As the adoption of electronic health records (EHR) continues to increase, so does the need to connect lab systems to EMR software. Interfaces are usually one-way, or uni-directional, enabling a referring physician system to receive results from the laboratory. But the next wave to hit involves the use of a bi-directional interface where referring physician’s can not only receive results but can also place orders directly from their system to the laboratory.
Method 1: Paper and Manual Entry
Process 1: “Paper requisition.” The user fills out and submits the paper requisition. Process 2: User accesses Internet site, and fills out and submits an on-line requisition. This process substitutes a paper requisition for an on-line version. The benefit to this process is that the user would not have to maintain an inventory of requisitions.
Method 2: Reverse EMR
User enters distinguishing patient ID(e.g.: Patient ID, EMR ID, SSN, etc.), the on-line requisition system queries and the requisition is submitted.
When a user engages the destination provider’s Internet site, they are prompted for a patient distinguishing ID. When the information is entered, the destination provider’s system will then perform a query of the user’s EMR to request the patient’s demographics to pre-populate entry items on the requisition.

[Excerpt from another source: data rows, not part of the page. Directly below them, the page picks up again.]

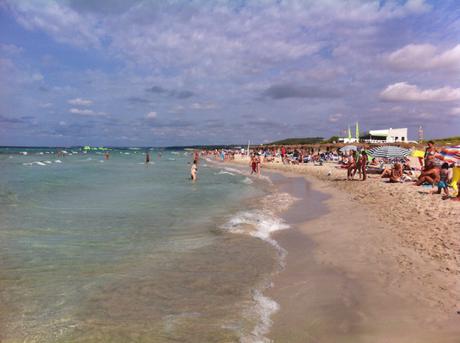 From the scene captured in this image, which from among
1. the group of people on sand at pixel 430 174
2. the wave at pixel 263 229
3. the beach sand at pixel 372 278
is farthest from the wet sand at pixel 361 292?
the group of people on sand at pixel 430 174

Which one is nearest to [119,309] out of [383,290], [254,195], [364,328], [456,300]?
[364,328]

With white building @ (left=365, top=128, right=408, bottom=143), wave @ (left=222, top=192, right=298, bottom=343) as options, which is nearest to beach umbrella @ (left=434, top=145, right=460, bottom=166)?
wave @ (left=222, top=192, right=298, bottom=343)

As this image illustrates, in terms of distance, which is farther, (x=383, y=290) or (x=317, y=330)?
(x=383, y=290)

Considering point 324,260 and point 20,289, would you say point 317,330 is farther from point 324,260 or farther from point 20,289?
point 20,289

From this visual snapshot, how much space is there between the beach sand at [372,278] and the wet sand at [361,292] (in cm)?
1

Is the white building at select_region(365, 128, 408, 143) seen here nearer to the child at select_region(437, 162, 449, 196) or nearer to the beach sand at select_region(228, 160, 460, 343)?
the child at select_region(437, 162, 449, 196)

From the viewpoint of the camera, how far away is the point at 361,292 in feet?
17.2

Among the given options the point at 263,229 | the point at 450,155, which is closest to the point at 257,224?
the point at 263,229

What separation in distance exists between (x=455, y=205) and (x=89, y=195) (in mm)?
15236

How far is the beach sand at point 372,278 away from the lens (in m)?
4.17

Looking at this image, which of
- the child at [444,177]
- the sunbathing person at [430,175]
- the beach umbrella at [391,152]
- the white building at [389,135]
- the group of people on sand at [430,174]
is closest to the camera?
the child at [444,177]

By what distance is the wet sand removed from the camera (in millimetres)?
4102

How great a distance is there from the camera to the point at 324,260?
22.6ft

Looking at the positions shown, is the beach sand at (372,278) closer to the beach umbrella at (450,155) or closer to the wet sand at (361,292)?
the wet sand at (361,292) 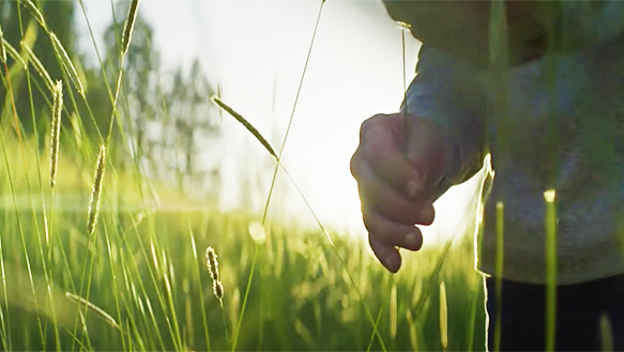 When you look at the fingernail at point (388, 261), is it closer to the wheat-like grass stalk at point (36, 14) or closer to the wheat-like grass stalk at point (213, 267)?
the wheat-like grass stalk at point (213, 267)

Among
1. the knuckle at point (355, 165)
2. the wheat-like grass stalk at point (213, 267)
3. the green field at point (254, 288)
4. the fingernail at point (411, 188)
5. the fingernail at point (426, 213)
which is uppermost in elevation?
the knuckle at point (355, 165)

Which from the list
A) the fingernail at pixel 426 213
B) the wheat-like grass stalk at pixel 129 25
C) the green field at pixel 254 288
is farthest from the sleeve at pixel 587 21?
the green field at pixel 254 288

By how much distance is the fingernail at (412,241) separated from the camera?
536 mm

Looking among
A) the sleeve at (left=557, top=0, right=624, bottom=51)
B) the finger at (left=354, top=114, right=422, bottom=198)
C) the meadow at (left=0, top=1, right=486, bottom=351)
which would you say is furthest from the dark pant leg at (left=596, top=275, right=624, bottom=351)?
the sleeve at (left=557, top=0, right=624, bottom=51)

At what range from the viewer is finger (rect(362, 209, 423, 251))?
539mm

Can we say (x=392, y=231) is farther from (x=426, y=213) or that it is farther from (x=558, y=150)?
(x=558, y=150)

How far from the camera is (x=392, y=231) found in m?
0.56

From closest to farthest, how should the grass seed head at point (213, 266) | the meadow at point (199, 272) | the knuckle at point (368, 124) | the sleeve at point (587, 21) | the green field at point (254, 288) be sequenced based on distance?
the sleeve at point (587, 21) < the grass seed head at point (213, 266) < the knuckle at point (368, 124) < the meadow at point (199, 272) < the green field at point (254, 288)

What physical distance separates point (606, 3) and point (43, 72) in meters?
0.40

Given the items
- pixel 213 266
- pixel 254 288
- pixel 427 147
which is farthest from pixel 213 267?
pixel 254 288

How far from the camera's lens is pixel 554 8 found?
367 millimetres

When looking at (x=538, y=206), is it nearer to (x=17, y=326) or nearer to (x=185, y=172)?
(x=185, y=172)

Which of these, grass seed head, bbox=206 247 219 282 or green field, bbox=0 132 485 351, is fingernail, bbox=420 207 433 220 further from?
green field, bbox=0 132 485 351

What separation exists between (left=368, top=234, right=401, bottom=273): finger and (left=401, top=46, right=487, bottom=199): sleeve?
0.12 metres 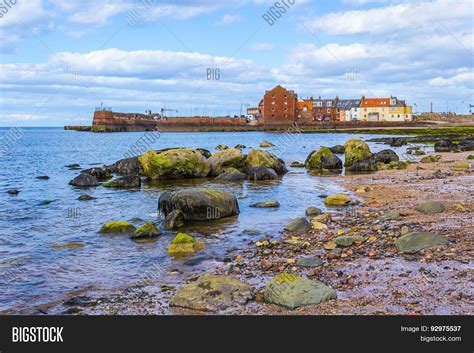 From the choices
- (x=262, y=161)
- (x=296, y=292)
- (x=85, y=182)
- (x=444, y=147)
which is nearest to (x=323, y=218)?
(x=296, y=292)

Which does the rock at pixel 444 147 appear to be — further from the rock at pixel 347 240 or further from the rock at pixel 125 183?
the rock at pixel 347 240

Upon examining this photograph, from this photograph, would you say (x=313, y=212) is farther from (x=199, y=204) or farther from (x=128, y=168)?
(x=128, y=168)

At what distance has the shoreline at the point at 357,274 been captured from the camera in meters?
8.02

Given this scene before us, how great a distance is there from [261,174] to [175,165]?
18.6 ft

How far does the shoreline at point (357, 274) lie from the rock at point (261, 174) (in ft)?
45.7

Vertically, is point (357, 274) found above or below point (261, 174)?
below

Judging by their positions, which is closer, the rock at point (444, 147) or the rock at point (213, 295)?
the rock at point (213, 295)

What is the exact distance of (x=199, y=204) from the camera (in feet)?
56.3

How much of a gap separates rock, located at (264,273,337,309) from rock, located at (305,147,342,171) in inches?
1085

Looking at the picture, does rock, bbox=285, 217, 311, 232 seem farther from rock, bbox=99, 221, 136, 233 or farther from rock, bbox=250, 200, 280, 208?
rock, bbox=99, 221, 136, 233

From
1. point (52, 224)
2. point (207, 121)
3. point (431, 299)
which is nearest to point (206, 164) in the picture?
point (52, 224)

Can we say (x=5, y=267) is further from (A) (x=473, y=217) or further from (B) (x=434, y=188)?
(B) (x=434, y=188)

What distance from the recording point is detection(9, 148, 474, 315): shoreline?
8.02 meters

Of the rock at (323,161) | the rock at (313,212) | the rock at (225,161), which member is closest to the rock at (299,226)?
the rock at (313,212) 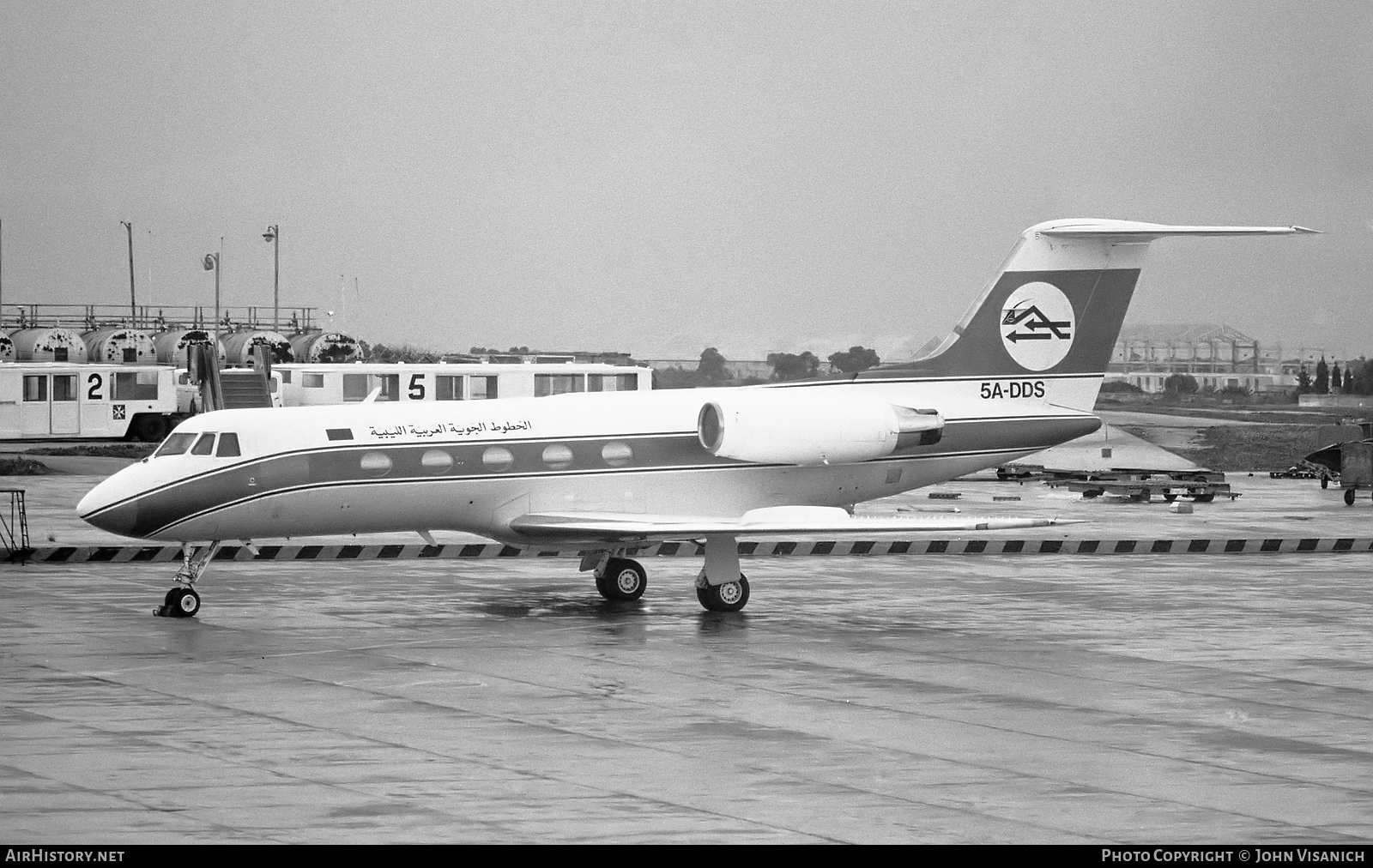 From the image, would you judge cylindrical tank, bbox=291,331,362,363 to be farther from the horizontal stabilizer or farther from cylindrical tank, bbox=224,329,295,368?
the horizontal stabilizer

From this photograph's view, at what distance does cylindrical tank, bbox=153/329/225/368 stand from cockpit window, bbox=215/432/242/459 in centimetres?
4684

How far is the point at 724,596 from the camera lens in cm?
2044

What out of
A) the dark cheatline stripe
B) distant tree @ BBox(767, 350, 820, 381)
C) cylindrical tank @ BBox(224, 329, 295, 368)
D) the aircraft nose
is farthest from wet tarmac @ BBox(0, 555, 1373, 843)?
cylindrical tank @ BBox(224, 329, 295, 368)

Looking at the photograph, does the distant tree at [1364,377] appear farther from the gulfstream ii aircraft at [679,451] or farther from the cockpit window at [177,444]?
the cockpit window at [177,444]

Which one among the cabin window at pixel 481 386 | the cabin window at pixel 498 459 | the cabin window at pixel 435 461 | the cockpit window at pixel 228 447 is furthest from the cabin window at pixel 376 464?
the cabin window at pixel 481 386

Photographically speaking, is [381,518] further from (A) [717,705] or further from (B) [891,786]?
(B) [891,786]

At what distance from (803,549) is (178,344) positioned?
46.6 meters

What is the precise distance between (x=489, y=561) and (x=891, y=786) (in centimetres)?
1578

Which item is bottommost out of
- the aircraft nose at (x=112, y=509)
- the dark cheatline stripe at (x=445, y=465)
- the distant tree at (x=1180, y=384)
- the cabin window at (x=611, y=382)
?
the aircraft nose at (x=112, y=509)

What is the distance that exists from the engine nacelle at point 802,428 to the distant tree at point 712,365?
29.8 meters

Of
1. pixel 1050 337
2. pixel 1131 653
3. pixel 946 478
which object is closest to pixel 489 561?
pixel 946 478

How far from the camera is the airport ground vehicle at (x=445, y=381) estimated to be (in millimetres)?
49469

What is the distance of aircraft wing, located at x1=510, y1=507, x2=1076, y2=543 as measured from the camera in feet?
63.2

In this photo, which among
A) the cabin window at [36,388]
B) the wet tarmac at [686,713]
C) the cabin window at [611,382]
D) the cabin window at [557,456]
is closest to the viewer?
the wet tarmac at [686,713] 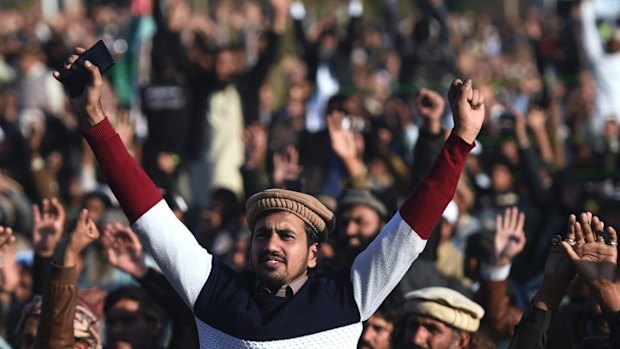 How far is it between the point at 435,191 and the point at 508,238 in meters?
2.16

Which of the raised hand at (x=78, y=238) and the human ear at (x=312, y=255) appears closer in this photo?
the human ear at (x=312, y=255)

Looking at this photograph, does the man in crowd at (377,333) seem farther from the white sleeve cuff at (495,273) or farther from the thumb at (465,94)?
the thumb at (465,94)

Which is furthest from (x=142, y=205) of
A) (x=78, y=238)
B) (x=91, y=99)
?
(x=78, y=238)

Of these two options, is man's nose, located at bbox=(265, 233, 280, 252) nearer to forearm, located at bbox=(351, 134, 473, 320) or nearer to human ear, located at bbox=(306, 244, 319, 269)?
human ear, located at bbox=(306, 244, 319, 269)

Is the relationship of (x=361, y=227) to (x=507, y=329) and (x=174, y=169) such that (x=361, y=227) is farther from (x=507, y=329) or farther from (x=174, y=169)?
(x=174, y=169)

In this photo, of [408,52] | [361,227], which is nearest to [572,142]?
[408,52]

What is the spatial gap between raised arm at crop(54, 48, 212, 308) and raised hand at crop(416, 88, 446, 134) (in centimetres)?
156

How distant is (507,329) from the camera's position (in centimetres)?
699

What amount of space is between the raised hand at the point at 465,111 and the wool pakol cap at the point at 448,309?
160 centimetres

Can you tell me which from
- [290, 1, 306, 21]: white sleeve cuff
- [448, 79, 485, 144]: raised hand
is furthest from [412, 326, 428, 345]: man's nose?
[290, 1, 306, 21]: white sleeve cuff

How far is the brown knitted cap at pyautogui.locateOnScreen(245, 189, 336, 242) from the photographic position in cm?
507

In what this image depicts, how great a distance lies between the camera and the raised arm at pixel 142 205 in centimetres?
496

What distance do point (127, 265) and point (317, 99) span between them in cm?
760

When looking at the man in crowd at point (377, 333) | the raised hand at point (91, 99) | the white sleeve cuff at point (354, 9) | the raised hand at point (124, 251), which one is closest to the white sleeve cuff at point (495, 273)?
the man in crowd at point (377, 333) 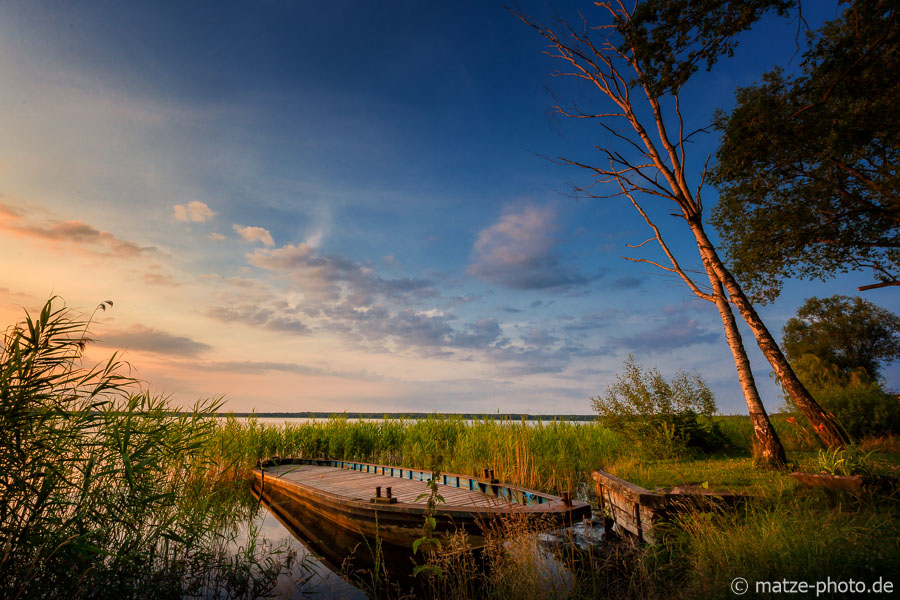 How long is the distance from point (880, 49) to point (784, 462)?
396 inches

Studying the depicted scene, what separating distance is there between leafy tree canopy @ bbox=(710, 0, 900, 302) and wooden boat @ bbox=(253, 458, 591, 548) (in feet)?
38.4

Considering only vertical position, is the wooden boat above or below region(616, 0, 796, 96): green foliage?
below

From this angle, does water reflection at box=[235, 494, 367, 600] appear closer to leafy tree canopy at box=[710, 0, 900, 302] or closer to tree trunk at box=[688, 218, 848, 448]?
tree trunk at box=[688, 218, 848, 448]

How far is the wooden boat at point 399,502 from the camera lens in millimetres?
6867

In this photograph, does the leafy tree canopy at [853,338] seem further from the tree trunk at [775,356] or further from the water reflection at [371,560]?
the water reflection at [371,560]

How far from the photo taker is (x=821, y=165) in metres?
14.1

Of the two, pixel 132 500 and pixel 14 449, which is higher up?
pixel 14 449

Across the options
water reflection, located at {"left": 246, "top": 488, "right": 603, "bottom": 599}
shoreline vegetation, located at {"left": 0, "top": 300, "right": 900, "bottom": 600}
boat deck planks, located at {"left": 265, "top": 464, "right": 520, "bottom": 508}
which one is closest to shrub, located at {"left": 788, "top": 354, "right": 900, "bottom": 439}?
shoreline vegetation, located at {"left": 0, "top": 300, "right": 900, "bottom": 600}

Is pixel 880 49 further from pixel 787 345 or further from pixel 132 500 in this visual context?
pixel 787 345

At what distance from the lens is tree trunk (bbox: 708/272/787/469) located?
938 centimetres

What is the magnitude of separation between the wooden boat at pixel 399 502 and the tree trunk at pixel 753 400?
5082 millimetres

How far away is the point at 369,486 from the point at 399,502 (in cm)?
279

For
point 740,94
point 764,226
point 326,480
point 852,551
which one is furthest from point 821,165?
point 326,480

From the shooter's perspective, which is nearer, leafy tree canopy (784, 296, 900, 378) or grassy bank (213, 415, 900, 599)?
grassy bank (213, 415, 900, 599)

When the requisition is completed, the user then either prints or submits the requisition to the destination provider.
There are a lot of complexities in performing the query against the user’s EMR because if the EMR vendor does not support a complete HL7 or similar interface (many EMR vendors do not employ the full HL7 message set), the “look-ups” will have to be custom per EMR vendor.
Method 3: Bi-Directional Electronic
User issues order request to EMR. The order is sent electronically to destination, the electronic order is “translated” as necessary for receiving party.
This method is the most efficient, but can be the most complex due to the translations and mappings that must occur between the User’s EMR and the destination provider’s system.
Example 1: User’s EMR would submit a pap test with additional esoteric tests as one procedure, the destination provider is expecting distinct order requests, so we would have to split-up the user’s request into separate orders.
Example 2: User’s EMR submits distinct tests (pap, HPV, herpes, CT/NG) but destination lab expects one request with “additional testing modifiers.”
Example 3: Once requests are submitted, results received from the destination provider would have to match the existing pending request from the user’s EMR.
Pathagility supports all three methods through the implementation of its DataPath and OrderPath offerings. The newest, OrderPath, focuses on providing clean bi-directional electronic order entry from laboratory (LIS) to physician (EMR). Provisioning for multi-partner integration is another key component of the Pathagility platform architecture.